Barking is an innate behavior in all dogs. A bark every once in a while is completely normal, but excessive barking can become a problem for dachshund owners. There are a number of different reasons that your dachshund might start barking, and it’s important to pay attention to the source of the issue. Common causes of excessive barking include:
- Boredom: A dog that doesn’t get enough exercise will become restless and frustrated. Dachshunds that aren’t taken for enough walks or given enough toys may bark simply because they have nothing better to do.
- Separation Anxiety: If you leave your dachshund alone for long periods during the day, she may start to howl and earn you some complaints from the neighbors.
- Territory: Many dogs will bark at strangers or other dogs they spot wandering into their territory. Even an innocent passerby can be perceived as a territorial threat.

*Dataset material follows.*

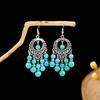 Bohemian Fringed Turquoise Earrings, Retro Minority Style Earrings, Personalized Temperament Earrings.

- Attention: Dachshunds are very social creatures, and they need human interaction on a regular basis. Neglect can lead to excessive barking, which we tend to reinforce with attention.
Take note of when your dachshund is barking and what she’s barking at. You need to identify the root of the problem before you can decide how you want to proceed. There are different techniques to deter barking depending on what is triggering your dachshund.
They Don’t Know the Quiet Signal
The number one key to getting your dog to stop barking, if you can do it, is teach them a “quiet” command. As long as your dachshund is mindful of you, it should be easy to train him or her to follow commands such as “sit” and “quiet.”
Too Much Energy, Too Little Exercise
Maybe your dachshund is running around the house making a racket, or maybe she jumps up and down as she barks. A dog with pent up energy needs to release it somehow, and barking is one way to do that.
If you notice that your dachshund is barking excessively because she seems restless, then she probably needs more exercise. Dachshunds require a twenty to thirty minute walk every single day as well as plenty of toys to play with at home.
Even though walks are a good way to bond and exercise, you also need to socialize your dachshund. In addition to your walks, you and your dog should have a daily playtime together. If you give your dachshund the attention she needs, then she won’t resort to barking for it.
The Mailman and Other “Intruders”
Dachshunds are territorial creatures, and some will start barking when they see a stranger or another animal in their yard. If your dachshund is relentless in her territorial barking, the best thing you can to is to show her that a passerby is not a threat. You can train your dog to sit and stay quiet as strangers such as the mailman approach the front door. It helps to use treats as bribes, but only give your dachshund a treat if she refrains from barking entirely.
Your dog won’t become desensitized to passing strangers immediately, but over time you can train him or her to associate a passerby with a belly full of treats instead of feeling threatened.
A Demanding Roommate
Most of us have jobs to get to, but not a lot of us can bring our dogs with us. Many dachshunds experience separation anxiety during the day, where they become stressed out by being alone. A dog left by herself for eight hours can start barking to cope with the frustration.
Realistically, most of us can’t quit work to spend more time with our dachshunds. We still need to afford their favorite meaty treats! The best way to help your dog overcome her separation anxiety is to set up a rigid schedule for the two of you. Wake up at the same time, do feedings and walks at the same time, and come home from work at the same time each day. Your dachshund will learn when she can expect to see you, which can be a big load off her mind.
If your work has you out at all hours of the day and night, then a dog sitting service or a doggie daycare would be ideal for your dachshund. That way she can socialize with people and other dogs instead of sitting alone in an empty house.
Dachshunds can be enthusiastic barkers, and excessive barking can be difficult to put a stop to sometimes. If you just can’t seem to get your dog to quiet down, you may want to consider seeing an obedience trainer or a dog behaviorist.